JAKARTA – Menteri Perencanaan Pembangunan Nasional (PPN) /Kepala Bappenas Bambang Brodjonegoro menilai implementasi kebijakan biodiesel 20% (B20) harus selaras dengan perkembangan industri, terutama industri otomotif

“Dalam implementasinya, ini harus in-line dengan perkembangan di sektor perindustrian, terutama di industri otomotif atau mesin yang menggunakan diesel,” kata dia, di Kantor Bappenas, Jakarta, Rabu (8/8).

Bambang menuturkan, sebelum pemerintah menerapkan B20, beberapa tahun yang lalu pemerintah juga sudah menerapkan semacam aturan kepada industri otomotif atau mesin bahwa pada tahun tertentu mereka sudah harus bisa mengadopsi kombinasi 80% solar ditambah 20% CPO (crude palm oil).

“Karena kadang-kadang isu yang saya dengar ketika dicampur itu menambah biaya, mengurangi daya tahan ataupun mengurangai performa.
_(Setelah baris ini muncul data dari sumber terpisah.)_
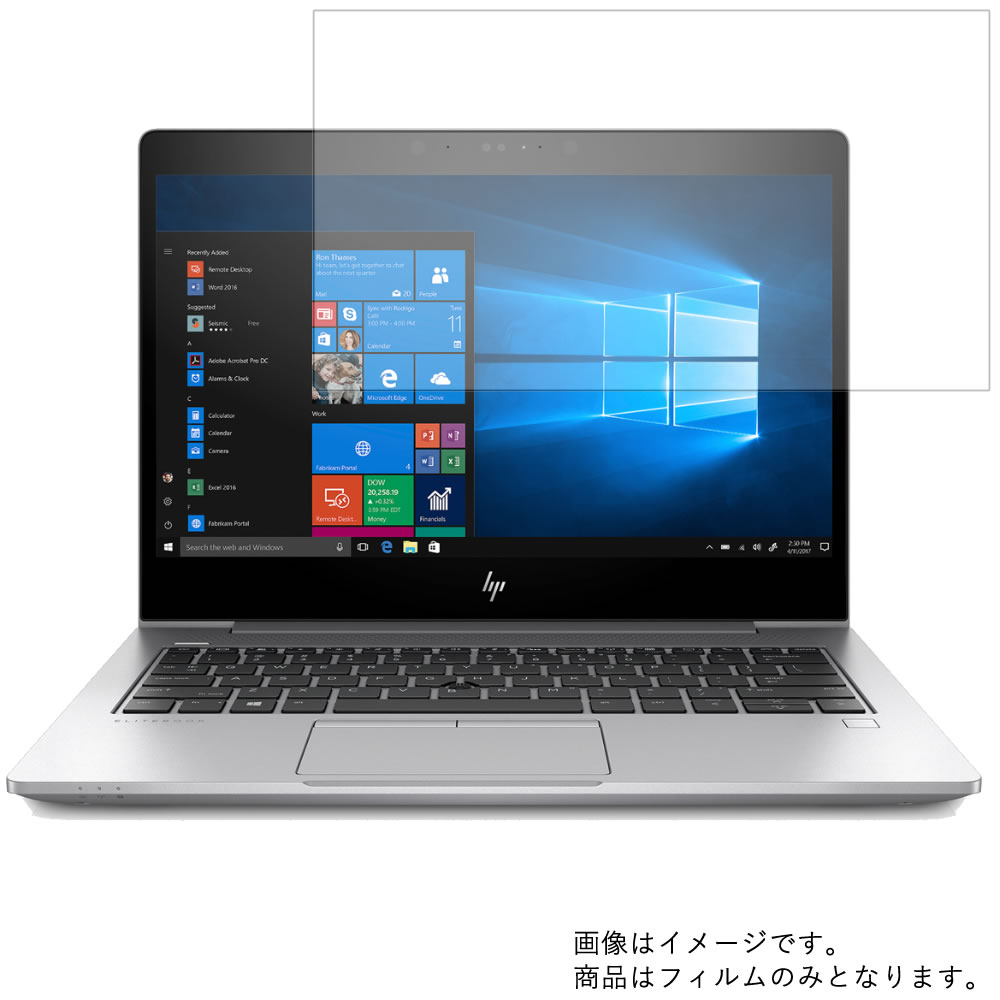 【2枚セット】HP EliteBook 830 G5/CT 2018年7月モデル 用 [N30]【 安心の5大機能 衝撃吸収 ブルーライトカット 】液晶 保護 フィルム 反射防止・抗菌・気泡レス ★ エイチピー エリートブック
Jadi, dari awal agar industri itu antisipatif terhadap keharusan untuk mencampur karena keharusan mencampur itu adalah wewenang pemerintah,” kata Bambang.

Kendati demikian, lanjut Bambang, pemerintah juga sebelumnya harus memberikan informasi kepada pelaku industri bahwa mereka juga diberikan waktu untuk menyesuaikan diri terhadap kebijakan B20 tersebut

“Jangan sampai pemerintah punya aturan, tapi industri tetap merasa ia tidak harus melakukan apa-apa. Justru pemerintah yang harus memberikan keleluasaan pada industri,” ujar Bambang seperti dilansir Antara.
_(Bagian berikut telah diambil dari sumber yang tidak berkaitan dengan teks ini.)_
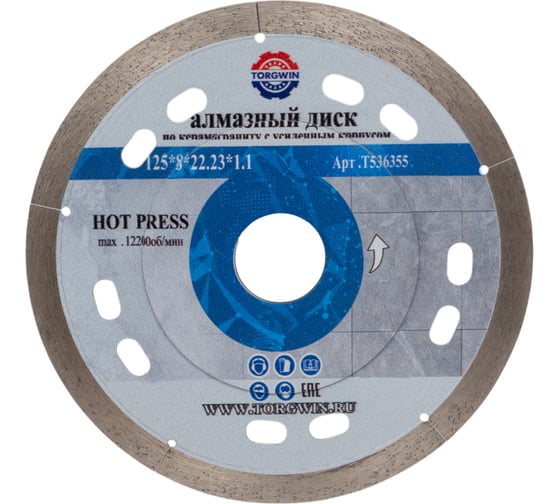 Изображение товара Диск алмазный TORGWIN отрезной сплошной супер тонкий по керамике 125х22.2/8х1.1мм. All-over Segmented Best for Ceramic ultra-thin T536355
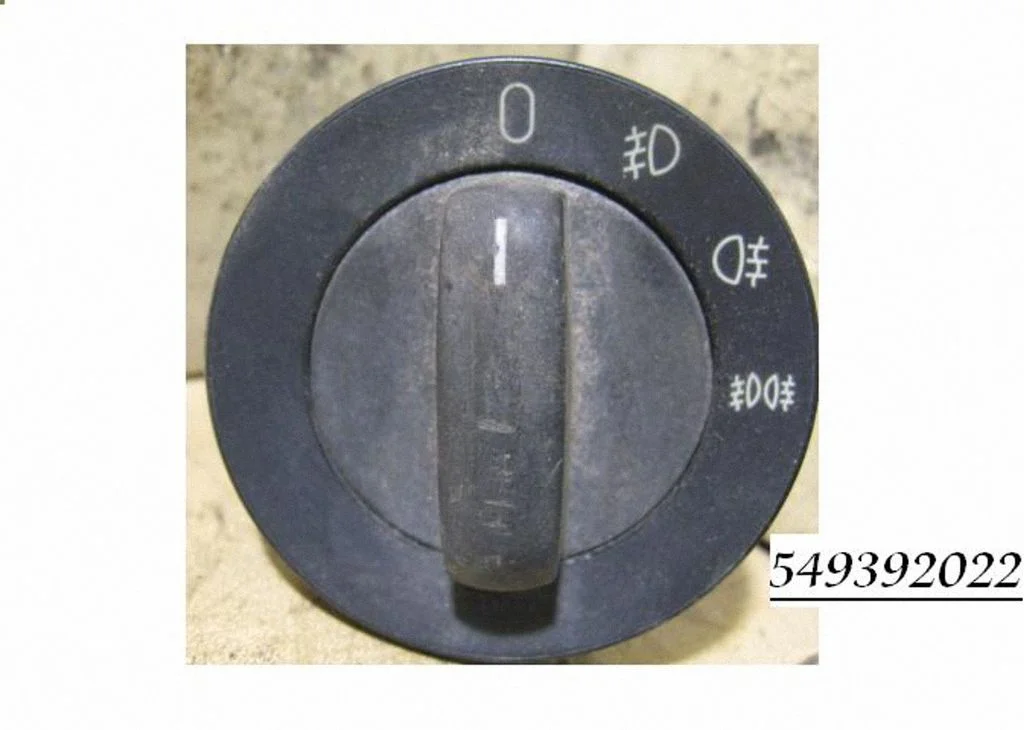 Light switch – BMW 5 Series E39 (1996-2003)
Pemerintah memang akan mewajibkan seluruh kendaraan diesel untuk menggunakan bahari bakar biodiesel 20% (B20) sebagai bauran antara solar dengan minyak sawit pada akhir 2018. Langkah pemerintah untuk mewajibkan B20 tersebut dalam upaya menghemat devisa dan mengurangi impor bahari bakar minyak (BBM).

Sebelumnya B20 dalam konsumsi solar hanya diwajibkan kepada kendaraan bersubsidi atau PSO seperti kereta api.

Namun B20 akan wajib digunakan pada kendaraan non-PSO seperti alat-alat berat di sektor pertambangan, traktor atau ekskavator, termasuk juga diperluas ke kendaraan-kendaraan pribadi.

Selain itu, dampak positif lain yang akan diterima para pelaku usaha adalah, dengan meningkatnya permintaan dalam negeri, akan mendongkrak harga CPO di pasar internasional. Saat ini, harga minyak nabati di pasar internasional juga turun. Salah satu faktornya adalah perang dagang antara Amerika dan China.

Sepanjang Mei 2018, harga CPO global bergerak di kisaran USS 650-670 per metrik ton dengan harga rata-rata USS 653,6 per metrik ton. Harga rata-rata Mei menurun USS 8,6 dibandingkan harga rata-rata pada April 2018 yang sebesar USS 662,2 per metrik ton.